Aku terdiam. Jembatan itu. Ada kesamaan dalam pengalaman kami. Ia juga "mendengar" Adit. Bukan tulisan di jurnal, tapi gema suaranya. Perbedaan itu penting, tapi kesamaan intinya adalah, kami berdua masih merasakan kehadirannya.
"Aku... aku rasa begitu," bisikku. "Kadang-kadang."
Mayadi mengangguk, seolah aku baru saja mengonfirmasi sesuatu yang sudah lama ia duga. "Dia itu orang yang... meninggalkan jejak yang kuat. Nggak gampang dilupakan." Ia menatapku dengan sorot mata yang penuh empati. "Kamu harus lanjut, Lil. Untuk Adit. Dan untuk dirimu sendiri." Ia bangkit dari bangku. "Aku ada latihan band setelah ini. Kamu mau ikut?"
Aku terkejut. Latihan band. Mayadi dan musik. Ini adalah sisi Adit yang lain. Sisi yang belum pernah kucoba sendiri.
"Latihan band?" tanyaku, merasa bingung.
"Ya. Bandku. Kami lagi coba beberapa lagu baru. Mungkin kamu bisa kasih masukan," Mayadi tersenyum. "Adit pernah bilang, kamu itu ahli lirik. Dia selalu cerita tentang bagaimana kalian berdua nulis lagu bersama. Dia bilang, kamu dan dia adalah 'dua bagian dari sebuah lagu'. Dia musiknya, kamu liriknya."
Kata-kata itu menghantamku. Dua bagian dari sebuah lagu. Ya, Adit pernah mengatakan itu. Di jurnal. Di masa lalu. Ini bukan kebetulan. Ini adalah jejak yang semakin jelas.
"Aku... aku tidak tahu," kataku, ragu.
"Ayolah, Lil. Sekalian kamu bisa lihat bagaimana Adit bergaul dengan anak-anak musik," Mayadi terkekeh. "Dia kan dulu suka mendadak muncul di latihan band orang lain, cuma buat ngasih saran 'berharga'nya dia."
Aku tersenyum tipis. Kenangan itu... Adit memang begitu. Selalu ingin tahu, selalu ingin terlibat. Mungkin ini adalah cara untuk menemukan bagian dari Adit yang masih hidup di dalam diriku.
"Baiklah," kataku akhirnya. "Aku akan ikut."
Mayadi tersenyum lebar. "Oke! Latihan di studio sekolah, setelah pulang. Jangan telat." Ia mengacak rambutku pelan, lalu bergegas pergi.
Aku duduk di bangku itu, menatap ke arah lapangan sepak bola yang kosong. Angin berembus, membawa desiran samar. Aku menutup mataku, membiarkan kenangan dan petunjuk itu berputar di benakku. Adit ingin aku melangkah. Adit ingin aku "cari teman". Adit ingin aku "mengukir jejak". Dan Adit ingin aku "menemukan diri".
Aku membuka buku catatan biru tuaku. Tulisan Adit masih ada di sana, samar namun jelas. Jangan takut, Lil. Ikuti saja... jejaknya. Sampai kau menemukan... dirimu.

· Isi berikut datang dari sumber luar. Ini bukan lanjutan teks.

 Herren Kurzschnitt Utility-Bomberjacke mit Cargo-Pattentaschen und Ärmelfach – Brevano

Aku meraih pena. Kali ini, aku tidak menulis pertanyaan. Aku mulai menulis. Bukan tentang duka, bukan tentang kehilangan. Tapi tentang Mayadi. Tentang lapangan sepak bola. Tentang "mata seniman". Aku mulai menuliskan apa yang kulihat, apa yang kurasakan, tanpa perlu menunggu balasan dari Adit. Aku menulis untuk diriku sendiri, dengan jejak-jejak yang ditinggalkan Adit sebagai panduan.

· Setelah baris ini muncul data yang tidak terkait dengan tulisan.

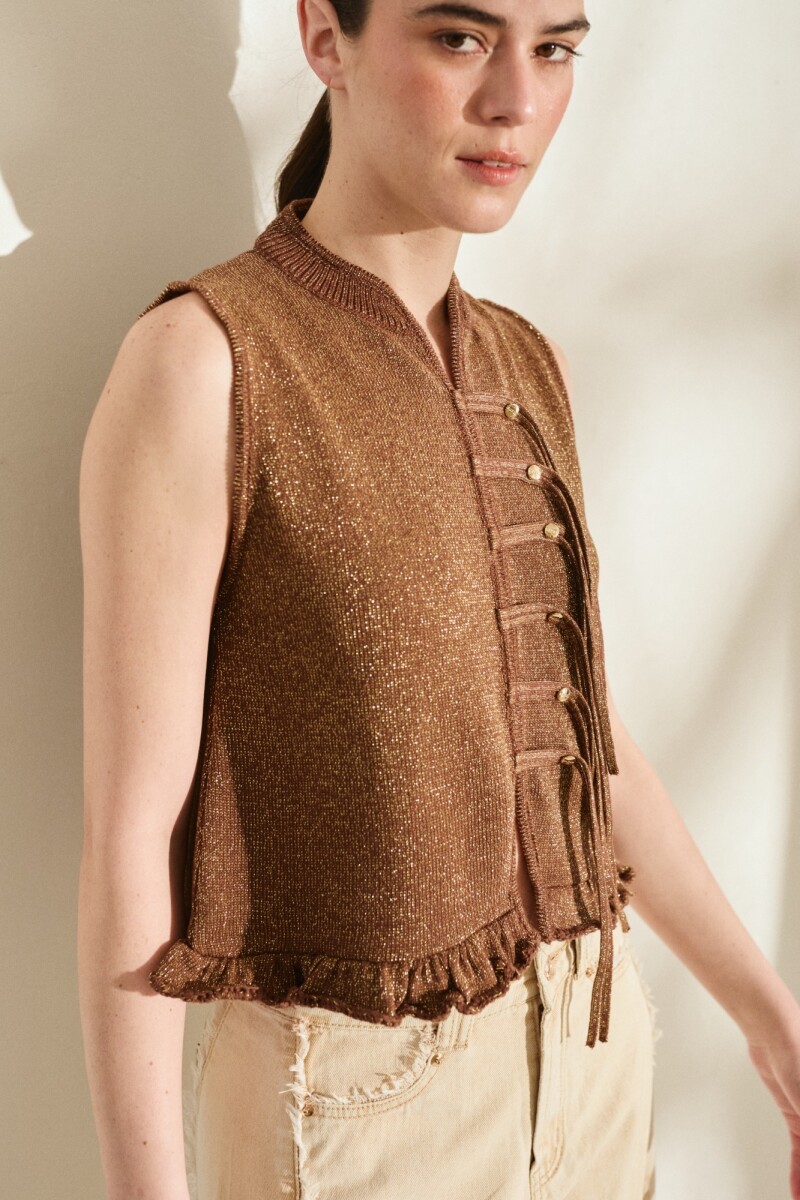 TOP SOL Chocolate Con Lurex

Malam itu, aku menghabiskan berjam-jam di kamarku. Bukan hanya menulis di jurnal, tetapi juga mencari informasi tentang musik, tentang cara menulis lirik, tentang band-band lokal. Pikiran Adit, jejaknya, seolah membimbingku ke arah yang baru. Sebuah arah yang tidak pernah kubayangkan sebelumnya, lepas dari bayangan Harvard. Sebuah arah yang terasa... seperti diriku sendiri.
ππππ
Comment on chapter Bab 12: "ADIT - BARANG PRIBADI"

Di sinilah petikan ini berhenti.